• What you are asked to do:
Using the data beneath this instruction, retype only the lines from the one that contains "Yeşil Erkek UA" down to the one that contains "image of Bottega", both included, exactly as they appear.

• Data provided:
'''

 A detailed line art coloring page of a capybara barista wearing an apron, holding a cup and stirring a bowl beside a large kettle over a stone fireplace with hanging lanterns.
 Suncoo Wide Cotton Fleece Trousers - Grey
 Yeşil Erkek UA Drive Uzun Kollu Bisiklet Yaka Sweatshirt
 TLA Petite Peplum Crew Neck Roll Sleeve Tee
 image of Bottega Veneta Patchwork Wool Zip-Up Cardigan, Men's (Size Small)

'''
'''

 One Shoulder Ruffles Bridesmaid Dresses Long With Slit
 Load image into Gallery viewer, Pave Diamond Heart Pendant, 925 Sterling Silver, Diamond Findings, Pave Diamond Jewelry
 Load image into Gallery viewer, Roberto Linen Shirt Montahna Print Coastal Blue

'''

• Problem solution:
 Yeşil Erkek UA Drive Uzun Kollu Bisiklet Yaka Sweatshirt
 TLA Petite Peplum Crew Neck Roll Sleeve Tee
 image of Bottega Veneta Patchwork Wool Zip-Up Cardigan, Men's (Size Small)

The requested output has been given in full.